We talked of lost loves and future plans and gorgeous passersby as the bustle on the street increased toward midday. In Peru, he said, it´s common for friends to steal novias during tours of duty. Goddamn leeches, we both agreed. I taught him the word "cunt."
The Peruvian military, I was surprised to learn, also has obligatory post-combat psychological counseling. Luis said he no longer has trouble sleeping. I couldn´t help but wonder if he told the truth.
When he asked what my parents did, I responded with my usual line, but with a heavy twinge of guilt. My mom´s a--como se dice?--a nurse, and my dad is a carpentero.
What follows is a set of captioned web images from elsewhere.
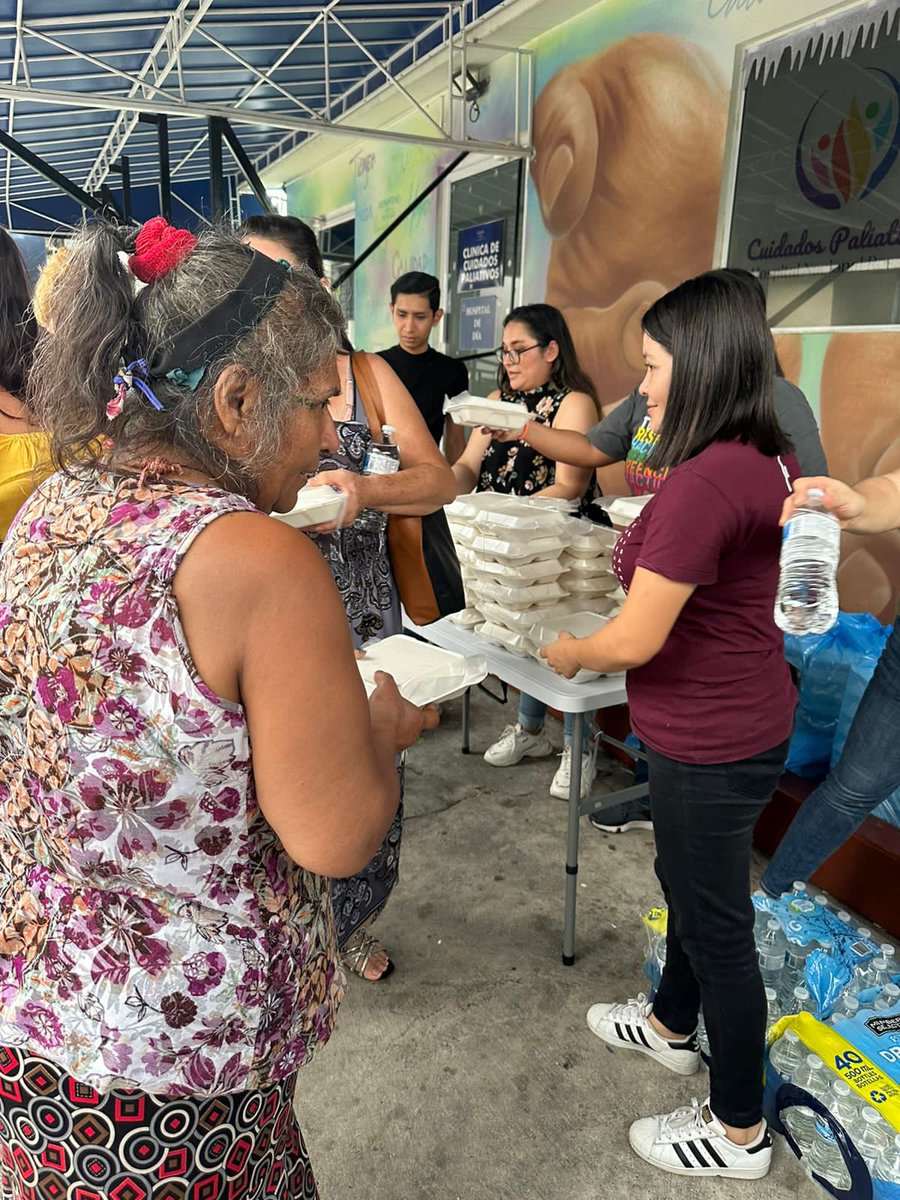 EsperanzaSv1's tweet photo. Hoy fue día de esperanza y tenemos el corazón llenito, gracias a cada donante, voluntario y personas que nos apoyan para continuar con cada actividad.
Volvemos el 19 de agosto y necesitamos:
Cenas.
Papel higiénico.
Jabón.
Jugos.
Agua.

Un rt para llegar a más personas. ❤️ https://t.co/njpDupVezx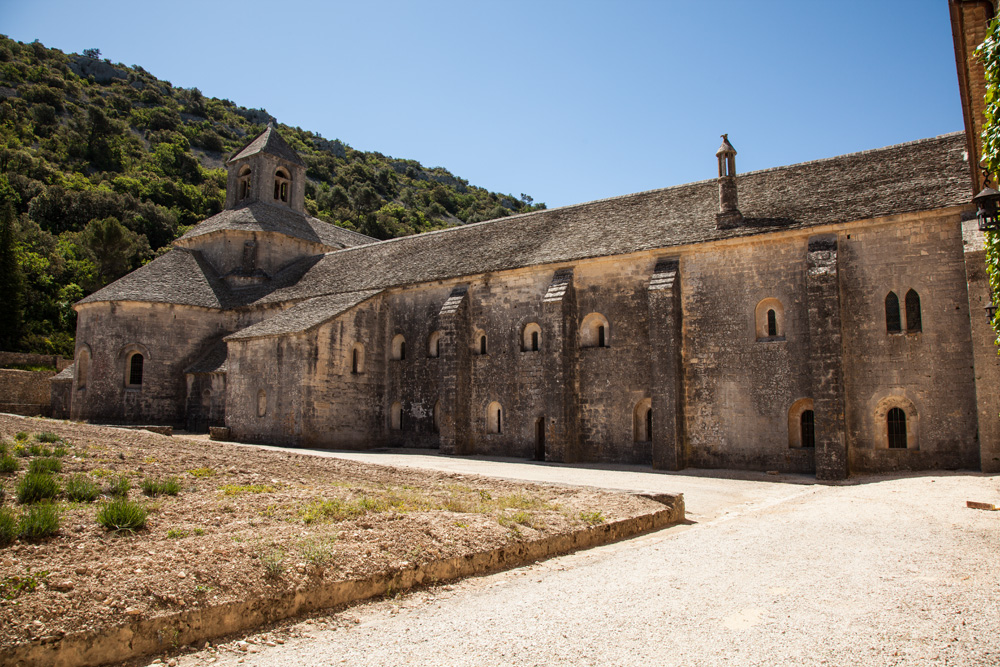 Abbaye-de-Sénanque-(63-sur-77)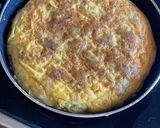 Foto del paso 6 de la receta: Tortilla de patata rellena de jamón york y queso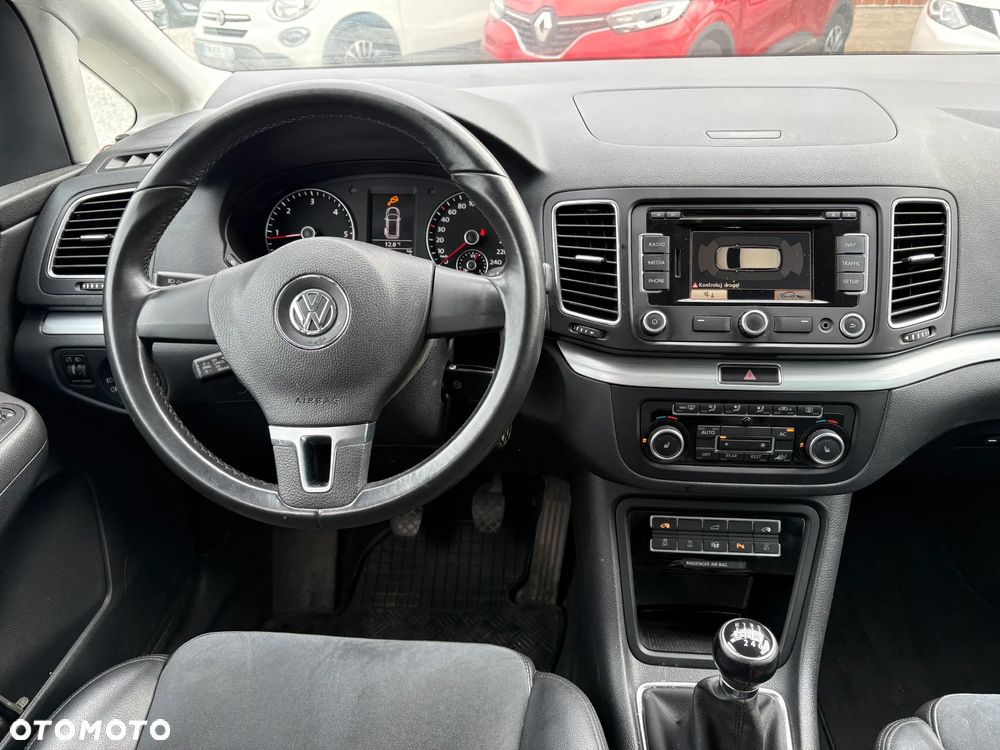Volkswagen Sharan 2.0 TDI 4MOTION Blue Motion Life - 8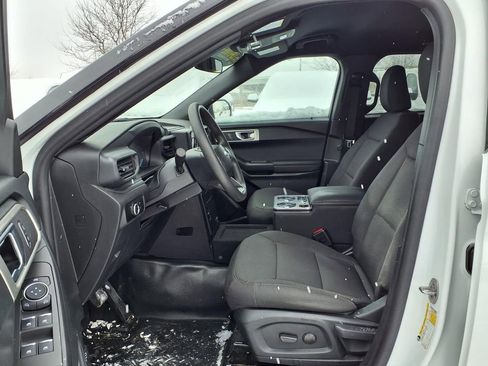Used 2024 Ford Explorer 4WD Police Interceptor w/ Ready For The Road Package image 17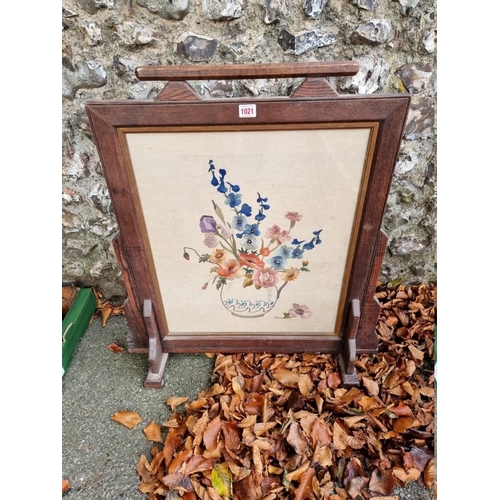 1021 - An Arts & Crafts style oak tapestry fire screen, 60cm wide x 73cm high.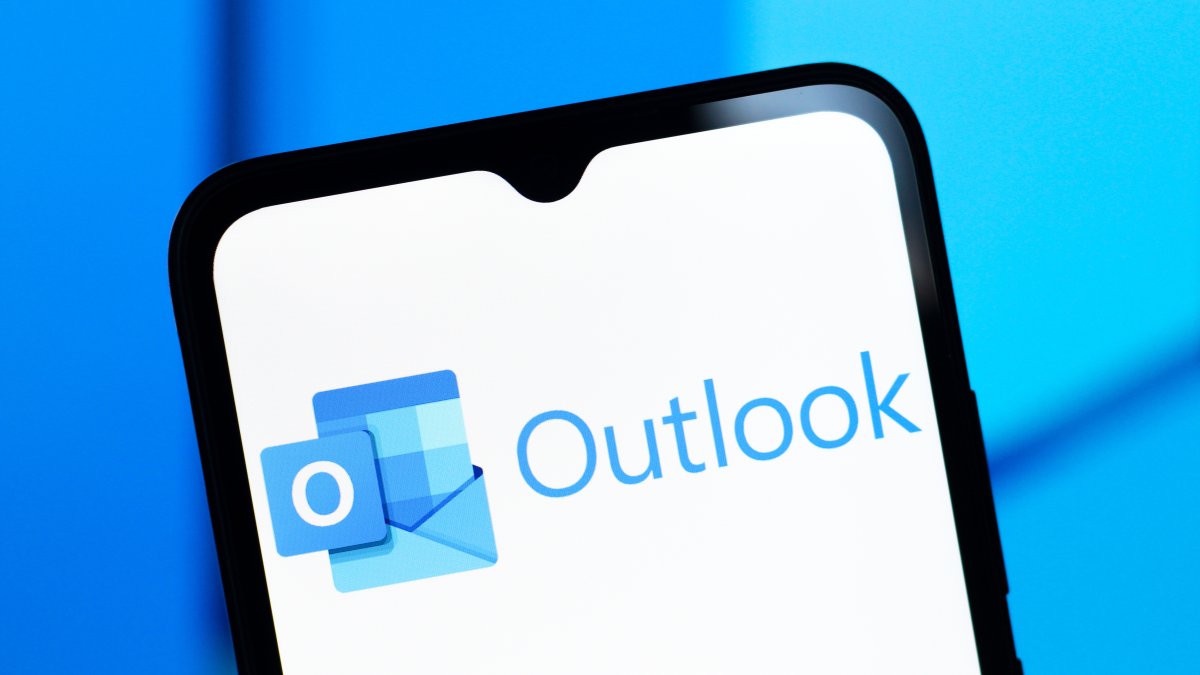 FBI warns of major phishing scam, with hackers ‘hijacking Microsoft Outlook, 365 users FBI warns of major phishing scam, with hackers ‘hijacking Microsoft Outlook, 365 users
His eyes lit up.
"Maybe someday, if I can save some money, your father can have some work for me in the States?"
"Si, claro," I nodded.
We paid our cafe bill and strode off toward an enormous outcrop of brown rock--El Morro de Arica--where, Luis told me, a famous battle took place in 1880 between Chile and Peru. Apparently a foolhardy Chilean officer rode his horse directly off the cliff while charging a group of Peruvian footsoldiers. We stood at the top overlooking the pier, talking about travel and maritime affairs and the smell of the sea. A small war museum featuring several Maxim machineguns and a few dioramas amid musket displays led to historical topics and more war discussion as the sun began to beat down.
Vultures soared past lazily as we watched boats maneuvering into port so far below they looked like bathtub toys. I expressed my longing to join a crew for a while: an adventure! Then I briefly felt guilty for talking of adventure when most would be eternally grateful for a chance to work. He chuckled politely, and we made our way back down.
"Let´s walk around and see if any stores are hiring," I suggested. We talked about futbol and swimming on the way down.
The first place we checked had a sign asking for guardias. Hell, I figured, he´d been a guard in one of the worst places on Earth. They´d be bound to hire him.
Nope. Need to be bureaucratically licensed.
How much for the classes?
40,000 pesos and two weeks.
Luis shook his head. He couldn´t possibly afford certification. Oh shit, I realized, his purchase at the cafe, though frugal, was probably astronomically frivolous. I briefly imagined fronting his tuition--but I cannot. Instead, I resolved to treat him to dinner at the end of our search.
We checked in at an employment office located on the second floor of a shady building. Closed.
A construction site seemed a likely bet. We sauntered up to the entrance, just beginning to feel the heat and lengthy walk. They sent us to another site, some dusty blocks away. There they told us he´d have trouble as a non-citizen, and he´d have better luck going to the immigration office first.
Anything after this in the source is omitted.